Thursday, February 3, 2011

nearsighted

Jonah 4:5-11
5  Jonah went out of the city and sat to the east of the city and made a booth for himself there. He sat under it in the shade, till he should see what would become of the city. 
6  Now the LORD God appointed a plant and made it come up over Jonah, that it might be a shade over his head, to save him from his discomfort. So Jonah was exceedingly glad because of the plant. 7  But when dawn came up the next day, God appointed a worm that attacked the plant, so that it withered. 8  When the sun rose, God appointed a scorching east wind, and the sun beat down on the head of Jonah so that he was faint. 
And he asked that he might die and said, “It is better for me to die than to live.” 9  But God said to Jonah, “Do you do well to be angry for the plant?” And he said, “Yes, I do well to be angry, angry enough to die.” 10  And the LORD said, “You pity the plant, for which you did not labor, nor did you make it grow, which came into being in a night and perished in a night. 11  And should not I pity Nineveh, that great city, in which there are more than 120,000 persons who do not know their right hand from their left, and also much cattle?” 
Are you one who can get bogged down in details and miss the bigger, more important task at hand?  Maybe you are one who will dust off the leaves of your houseplants but ignore the laundry strewn across the furniture.  Maybe you are easily distracted from your immediate task to do something completely mundane.  I find myself at many times being absent-minded.  Last night I was focused on locking up the church building and drove home without my glasses (they were sitting on my desk) and without my cell phone (It was seated comfortably next to my glasses).  Now, as I write this, my cell phone is dead.  Why did I forget these items?  My mind was distracted, I’m sure, by something vitally important.  Right?  Probably not.  It was nearsightedness.  The mundane took precedent over the more important.

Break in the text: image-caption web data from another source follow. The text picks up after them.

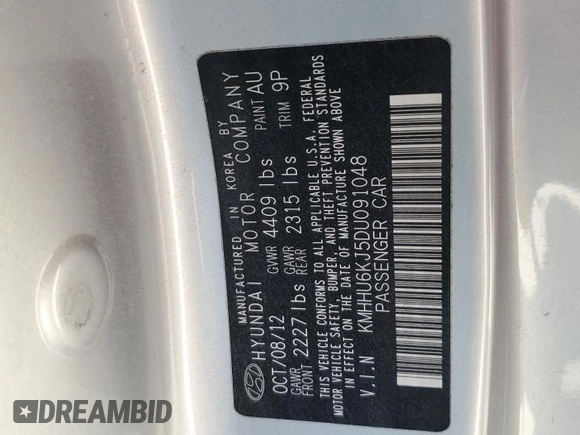 2013 Hyundai Genesis Coupe R-Spec with VIN KMHHU6KJ5DU091048, listed as a Copart auction lot 62120655 with 155,874 mi miles and Salvage title. Bid and sale history available at DreamBid. Image 13.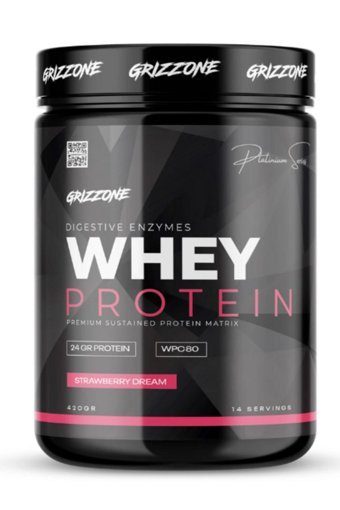 Grızzone Grızzy Çilekli Whey Protein Tozu 420 gr
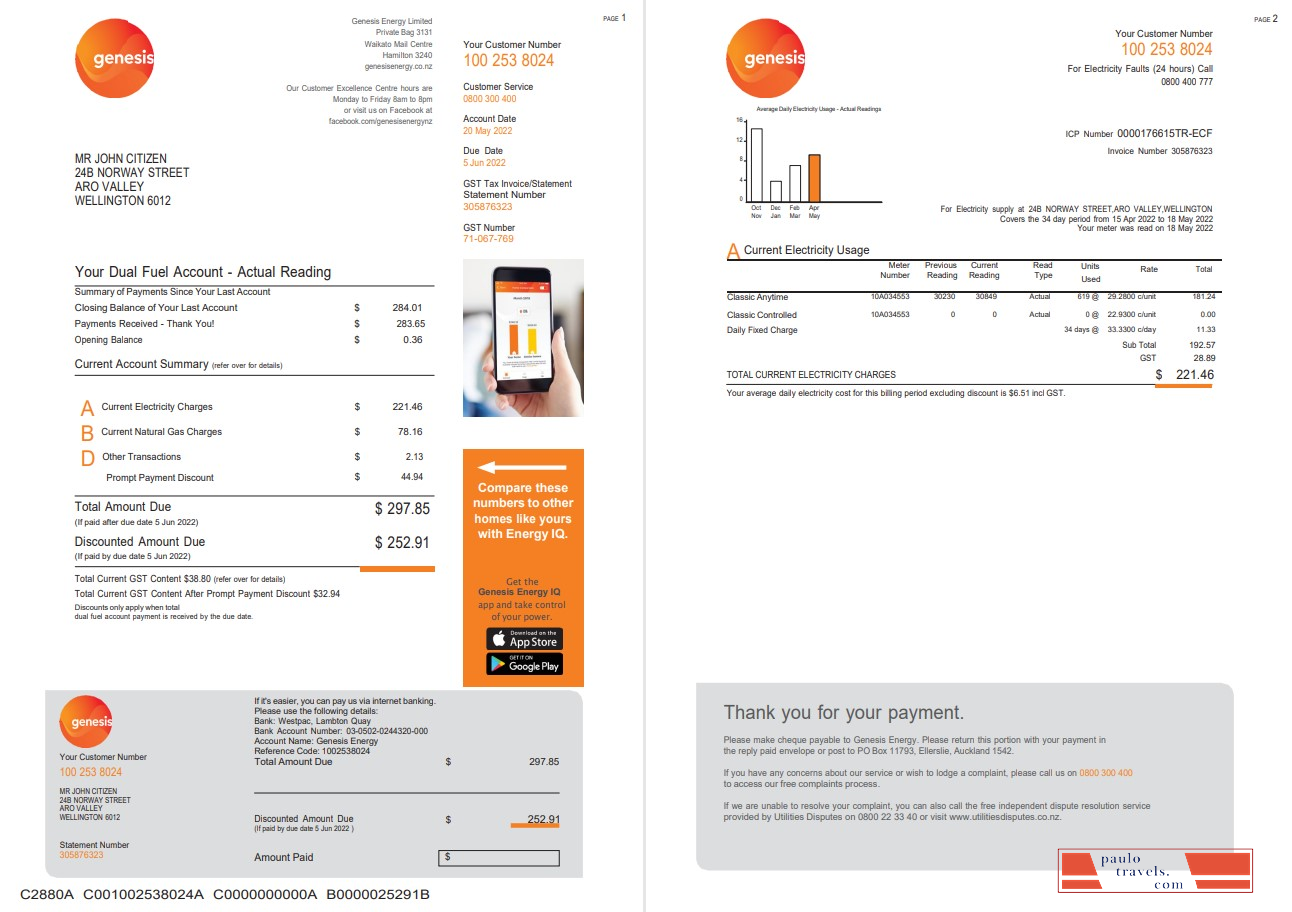 New Zealand Genesis Gas utility bill template in Word and PDF format, 3 pages 1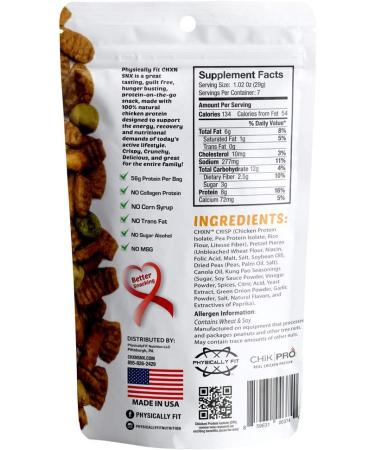 Barn Dad Nutrition CHXN-SNX Protein Bites - Kung Pao with Dry Roasted Peas & Pretzels (7 Servings, 56g Protein) - 7.15oz - Buy Online on GoSupps.com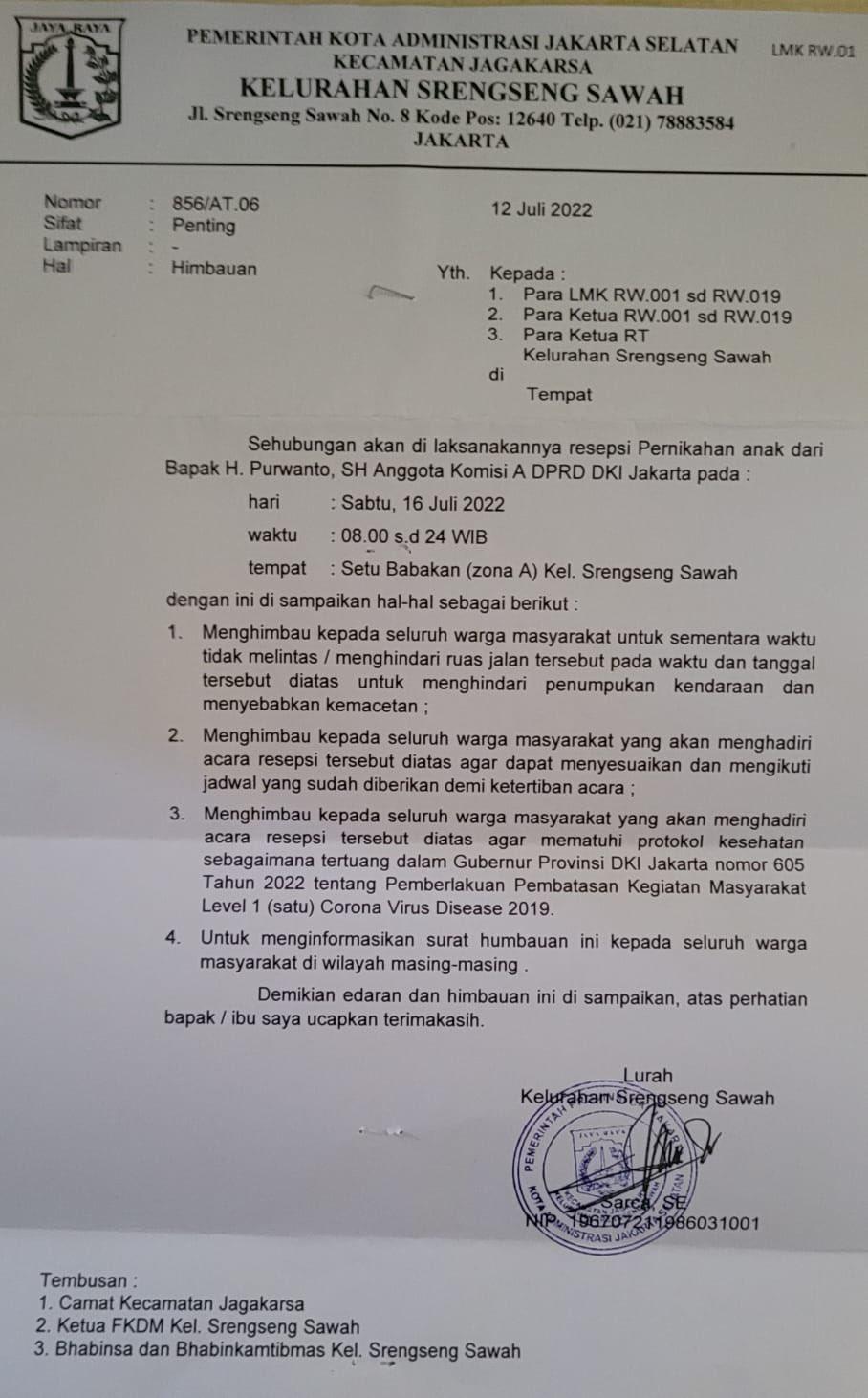 Viral Surat Edaran Rencana Tutup Jalan Demi Resepsi Anak Anggota DPRD DKI Jakarta, Netizen: Enggak Mampu Sewa Gedung?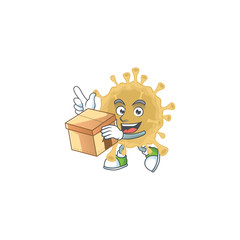 An icon of coronavirus particle mascot design style with a box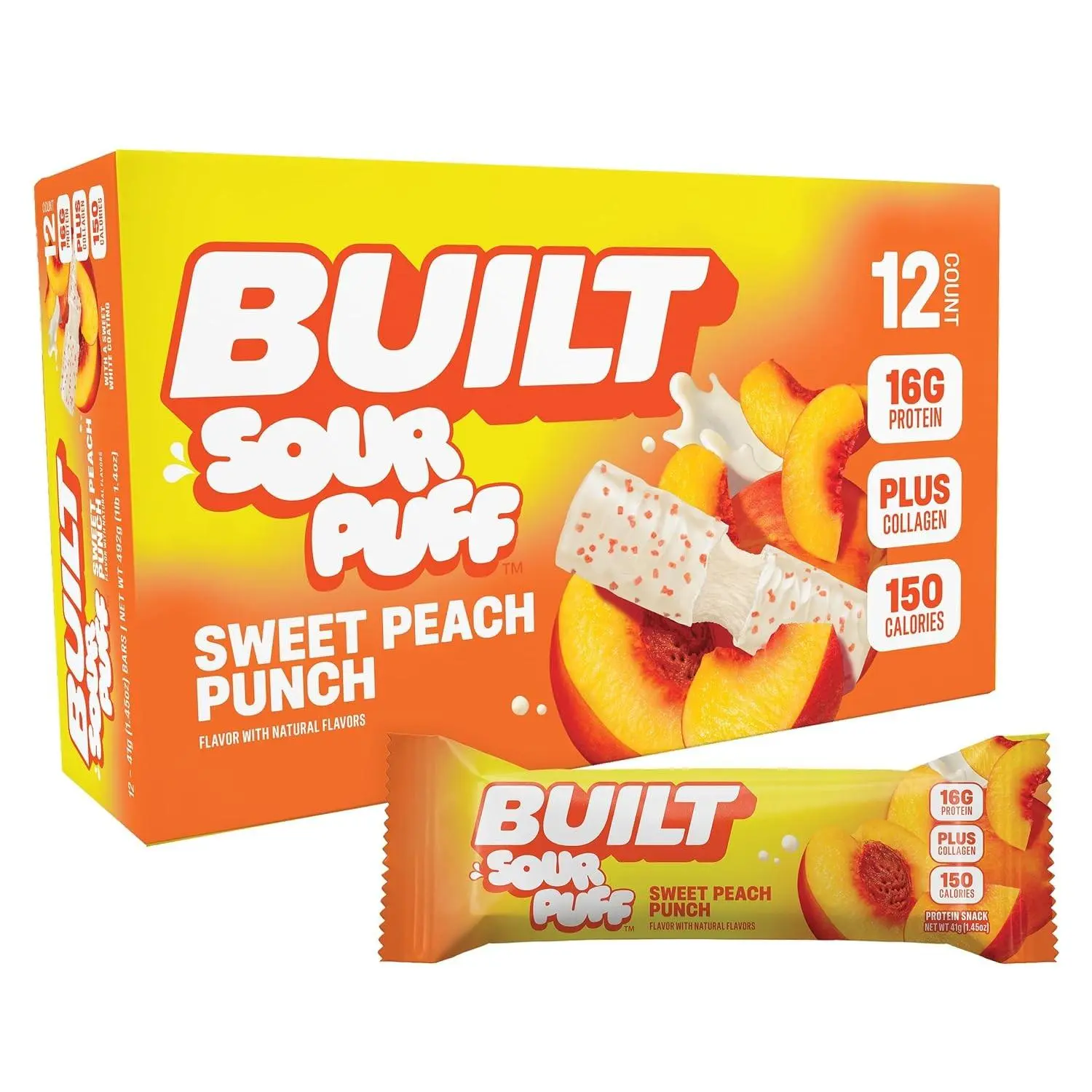 BUILT Sour Puff Protein Bar Sweet Peach Punch 1.41 oz 12 ct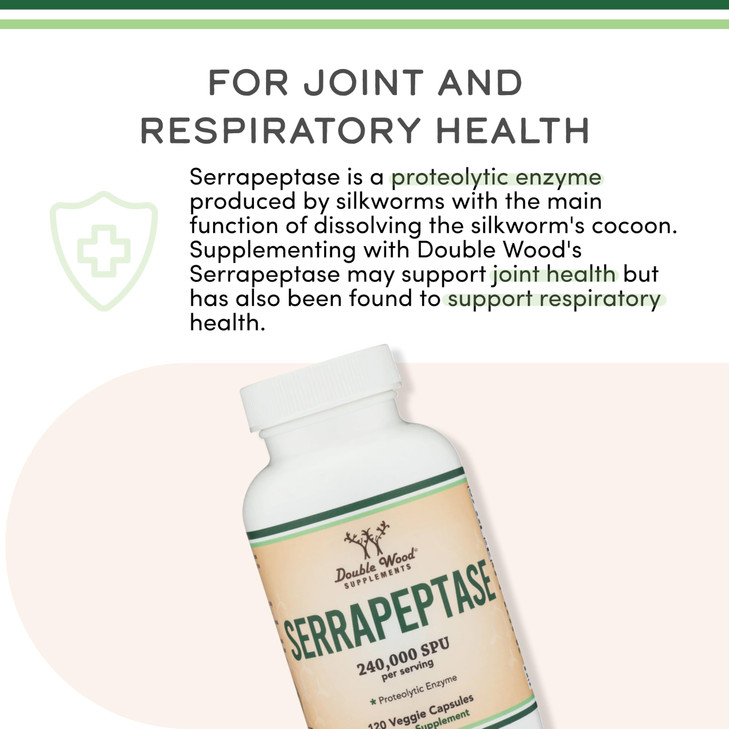 Serrapeptase 240,000 SPU Max Potency (120 Veggie Capsules) Proteolytic Enzyme for Sinus, Respiratory and Joint Health (Non-GMO, Gluten Free, Vegetari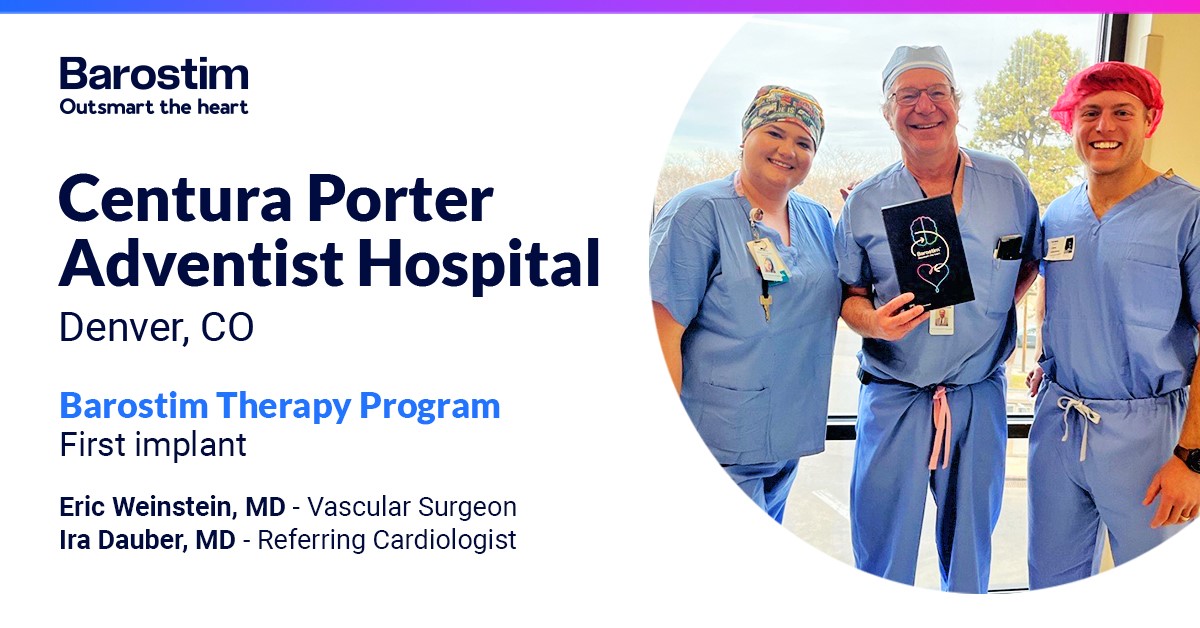 CVRx_Barostim's tweet photo. Patients in CO now have access to a novel therapy option to improve their #heartfailure symptoms. We’re proud to partner w/Drs. Eric Weinstein &amp; Ira Dauber &amp; the teams @CenturaHealth Porter Adventist Hospital &amp; @sdenvercardio on the 1st #Barostim implant in CO. #OutsmartTheHeart https://t.co/uo3oYLAZth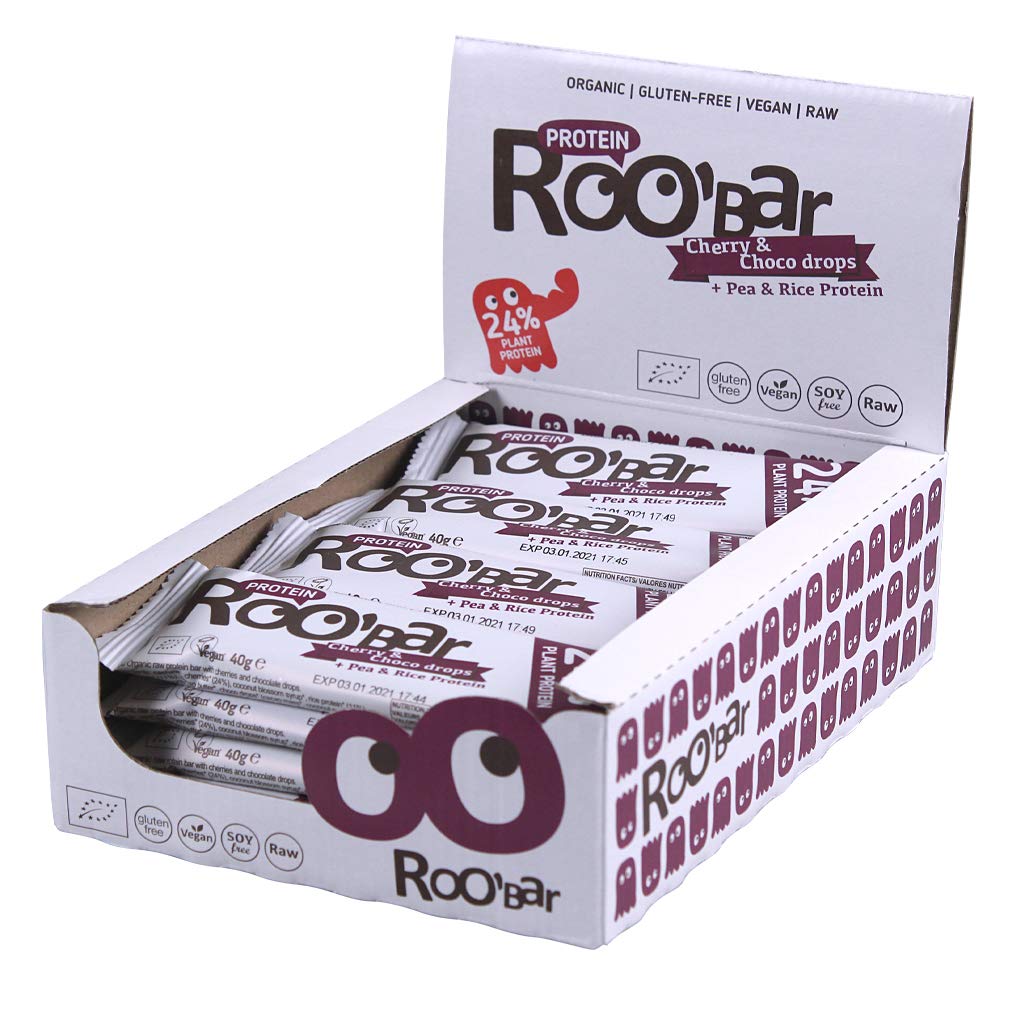 Roobar Protein Kirsche & Schokodrops - 100% Bio, Vegan Proteinriegel, Milchfrei & Glutenfrei 16 x 40g Protein-Riegel in einer Box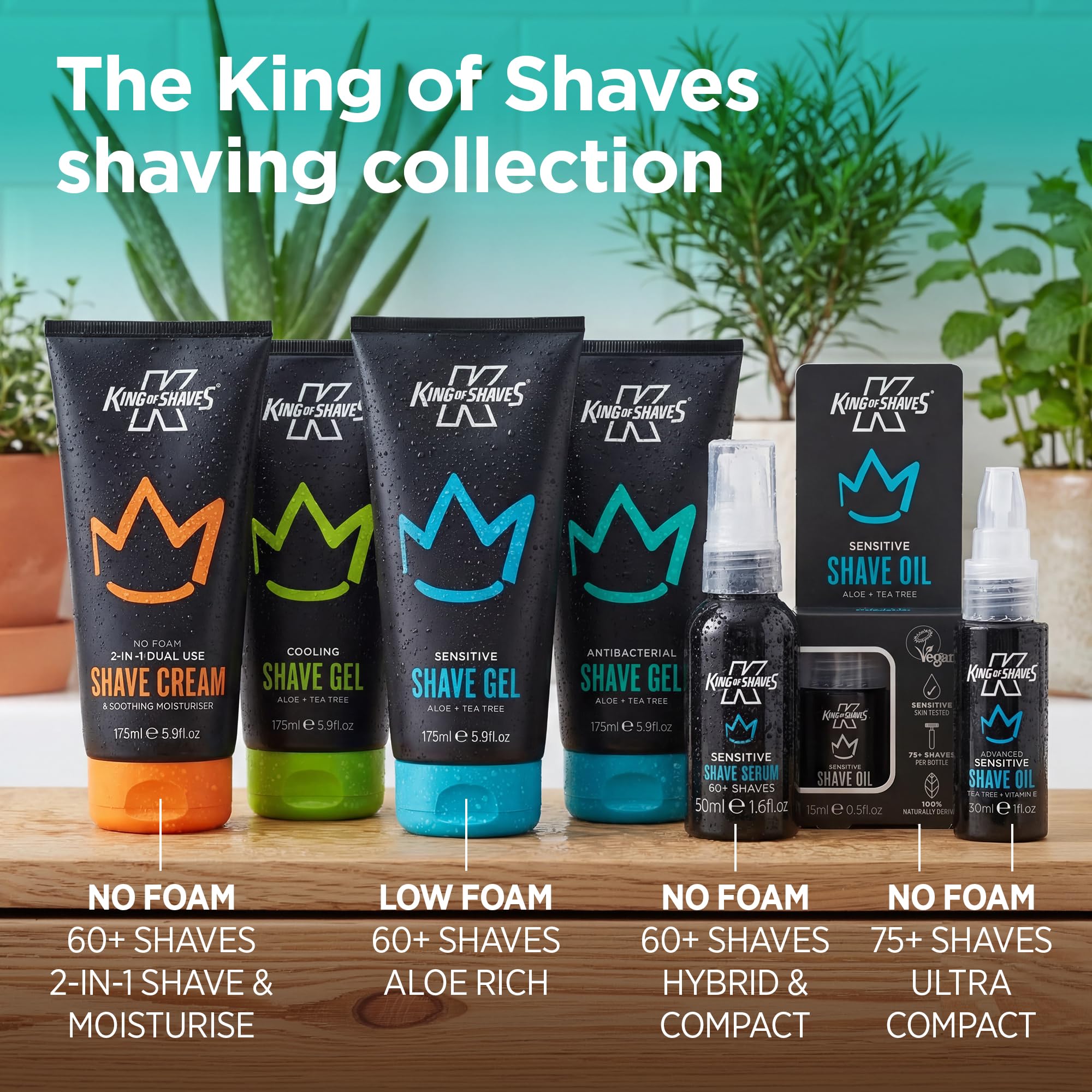 King of Shaves Gel de Afeitar Antibacteriano para Hombre Pack Cuádruple 4 x 175ml, Gel Bajo en Espuma para Piel Sensible, Aloe Vera y Árbol de Té, Vegan, 96% Natural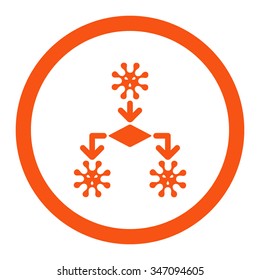 Virus Reproduction vector icon. Style is flat rounded symbol, orange color, rounded angles, white background.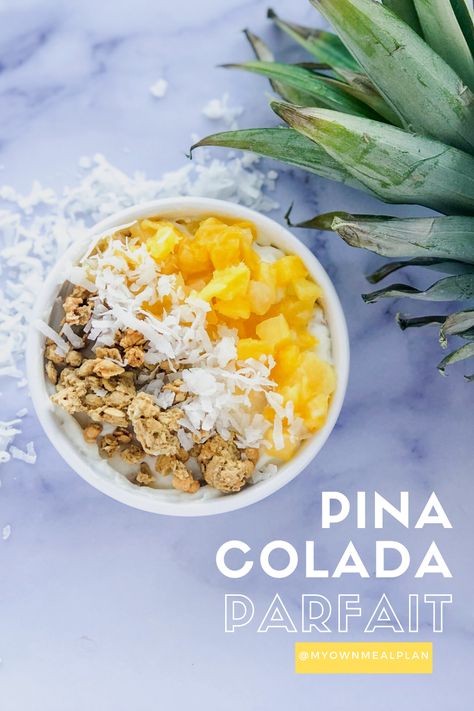 Take your taste buds on a tropical trip with this healthy Pina Colada Parfait! Made with Greek Yogurt, Protein Powder, Coconut Extract, Granola, Pineapple Chunks, and Shredded Coconut! This easy macro friendly treat comes together in no time, and it’s sure to satisfy your sweet tooth! Make it with me! Pineapple Yogurt Parfait, Tropical Yogurt Bowl, Pineapple Yogurt Bowl, Greek Yogurt Protein Powder, Yogurt Protein Powder, Macros Diet Recipes, Healthy Pina Colada, Diy Yogurt, Yogurt Protein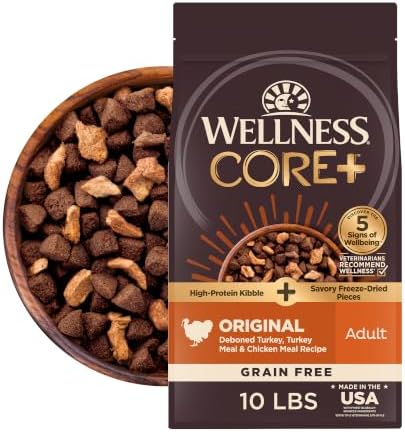Wellness CORE+ Adult Dry Dog Food with Freeze Dried Pieces, Grain Free Kibble+, Natural, High Protein, Turkey and Chicken Recipe, 10 lb Bag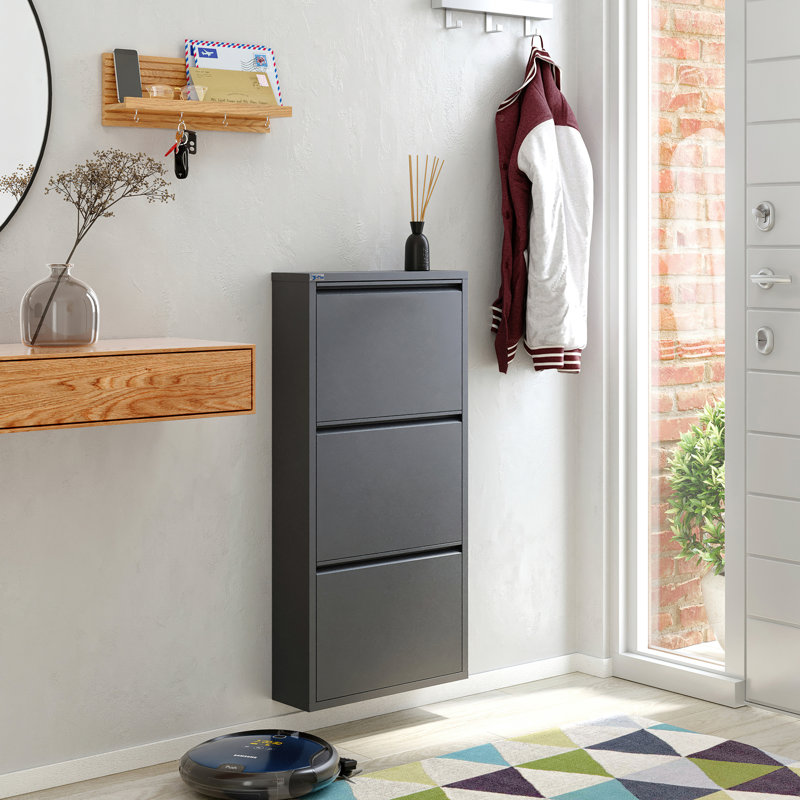 Antibacterial 3 Tier Metal Shoe Cabinet without Holes, Anthracite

God uses Jonah’s nearsightedness to teach a lesson about grace and mercy.  Jonah goes outside the city Nineveh in order to watch the proceedings of, what He hopes will be God’s judgment against Nineveh.  Maybe he thought his anger at God for showing mercy would win God over to his thinking so that God would destroy these infidels.  Whatever the reason, Jonah is watching and God gives him shade via a gourd vine.  Jonah loves the vine because it gives him comfort.  God removes the vine via a worm.  Jonah gets angry.  Jonah is nearsighted.  Jonah cares more for his comfort from a vine in which he has made no investment, then he does for 120,000 people who don’t know God’s grace.  Ouch.
What creature comforts do you allow into your life that produce a nearsighted effect?  What produces in you more of a concern for your will over God’s will?  What keeps you introverted, secluded, and imprisoned from seeking out how He might use you for His glory and the benefit of another or others?  May God richly bless our time spent in His Word wrestling with sin and conflicted by grace.